Por Tomás Schuliaquer. Hay jugadores que hacen de su comportamiento una teoría. Son los grandes formadores de comportamiento futbolístico de alto nivel, aquellos que llevan a la práctica las mejores ideas.
Son pocos. Los que pueden pensar dentro de una cancha como si estuvieran fuera y pensar fuera con la elegancia que tienen en el rectángulo. Coherencia, que le dicen. Una estructura cohesiva que se sostiene desde hace diecisiete años en el profesionalismo. Desde que pateó una pelota ya tenía en la cabeza lo que quería hacer. Pensó el partido en su casa, tomando mate con su vieja, antes de dormir, en los tan criticados asados con sus amigos o a la hora de la siesta. Entrenó para eso en las canchas de ripio. Hizo de su cuerpo una boca. Una boca gigante, de una estética impecable, con movimientos estilísticos propios de un artista.

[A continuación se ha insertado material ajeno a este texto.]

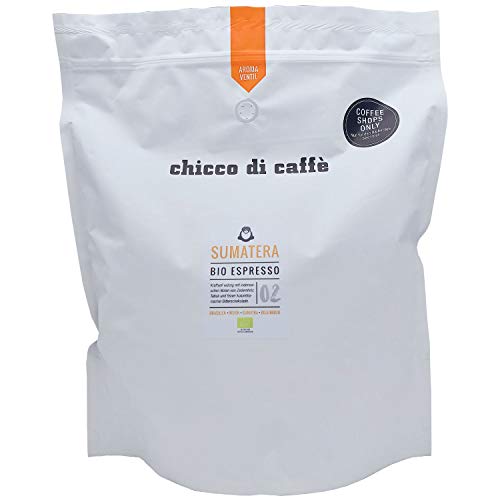 chicco di caffè | Bio Espresso Sumatera | 2,5 kg Großpackung | geröstete, ganze Kaffeebohnen | 80% Arabica - 20% Robusta | aus biologischem Anbau von chicco di caffè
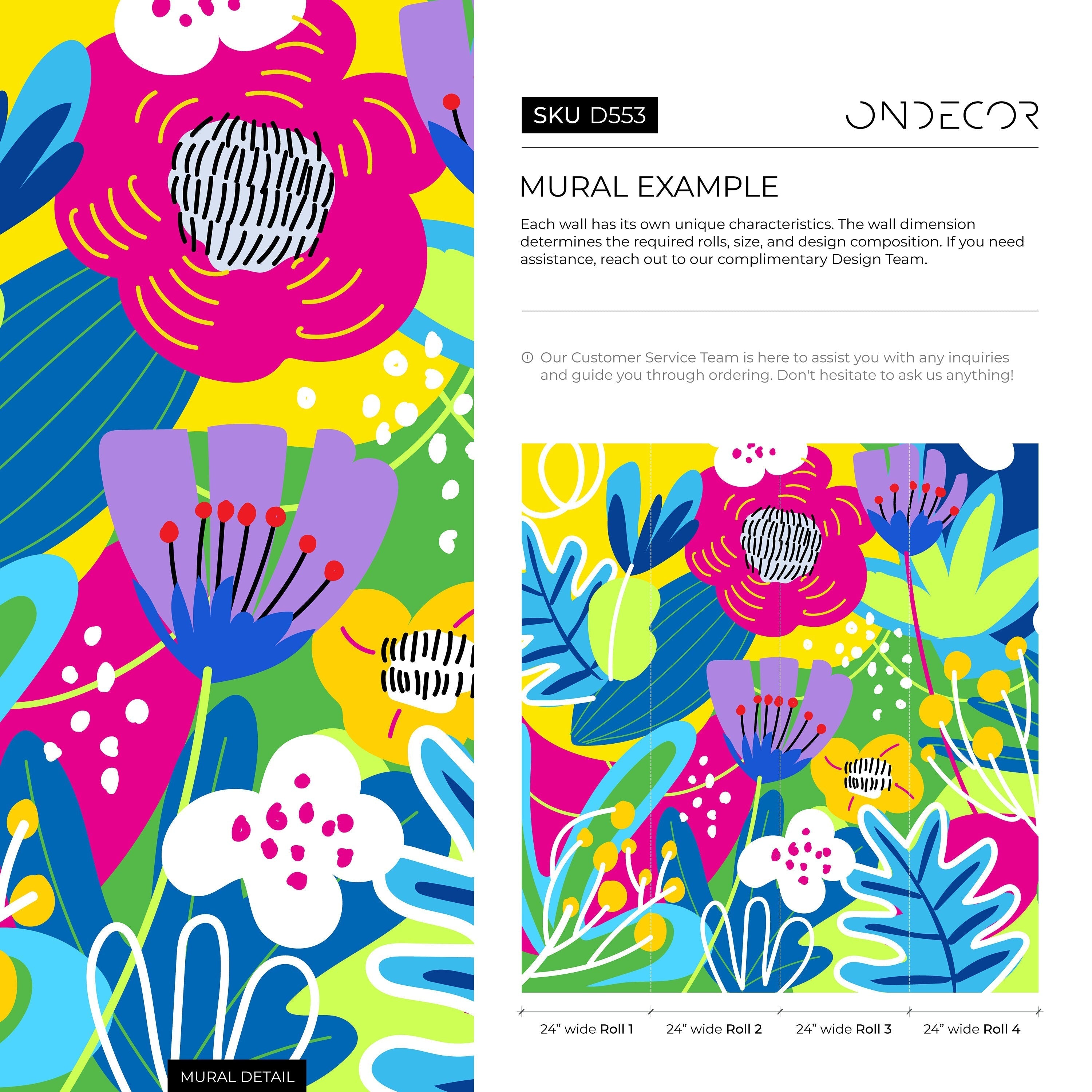 Abstract Wallpaper Featuring Graphic Flowers In Blue, Pink, And Yellow - D553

Porque eso es lo que es él: un artista que, junto a los grandes de la historia, comparte una metodología de la acción, pero que le puso su propio sello. Pisarla, a ella, como si fuera una caricia. Moverla con suavidad y rapidez, de un lado a otro de su botín derecho. Un contrario se acerca, lo espera para no pasar de largo. Otro viene para apoyarlo y también espera. Un tercero se acerca y decide frenarlo. “Se confundió”, piensan sus compañeros, “a ése no hay que intentar sacársela”. Y tienen razón. Quedó en el piso, pasó de largo. Y él la sigue acariciando. La vista levantada. La pelota nunca quieta, la boca en movimiento, ejecutando la teoría. Esa teoría que armó una cabeza. Una cabeza hecha para el fútbol. Para fútbol como parte del arte. El fútbol como ciencia artística.
Abundan sus documentos en Youtube. Sus amagues ya son conferencias sobre el pensamiento del deporte más lindo del mundo. Sólo queda en nosotros disfrutarlo. Mirarlo y aprender. Nos dejó la práctica que nos enseña a mirar de otra forma, a pensar de otra manera, a jugar a algo que no es lo mismo que aprendimos de chicos. Quedan sus palabras, resabios de un botín inapelable. Sólo podremos confirmar lo que sabemos, lo que ya vimos, lo que ya nos dijo. Lo que nos habló durante estos diecisiete años de carrera. Ahí está el libro, su libro, el compacto más grande de la teoría futbolística del último siglo.
Nos resta verlo. Aprender de las imágenes, de sus movimientos y su precisión. Habrá que sacarle la camiseta azul y amarilla. Pensarlo sin nacionalidad. Él ya trascendió. Ahora no hay más que imitaciones. Algunas serán mejores, otras peores. Se fue, pero tiene que volver; el gran ruptor de la teoría futbolística. Como él ya no habrá uno igual. No habrá que esperar nada nuevo, aunque lo esperemos, aunque nuestras miradas lo sigan y se olviden del resultado, de los otros veintiún jugadores. No es necesario que haya algo nuevo, hay material para largo pero lo necesitamos de vuelta en nuestro juego. Para leer su fútbol, para interpretar su calidad, para disfrutar viéndolo. Ya no en la computadora, sino en la televisión. Tendremos el orgullo de saber que lo vimos jugar, la satisfacción de saber que fuimos contemporáneos del gran teórico del fútbol. Todo será repetido o, quizás, pronto haya un nuevo jugador que quiebre con tanta historia. Por ahora, aplaudamos de pie a su boca, esa que derrocha fútbol y, a la perfección, ejecuta lo que el cerebro dispone. Hace ocho meses se fue un grande.
Se fue y ahora decidió volver. ¿A Boca, dicen? No importa eso, porque no es una camiseta o un club, es la pelota la que está contenta. Porque el fútbol argentino ahora deberá callar. Hará silencio para escuchar esas preciosas caricias de Juan Román Riquelme, el último gran pensador.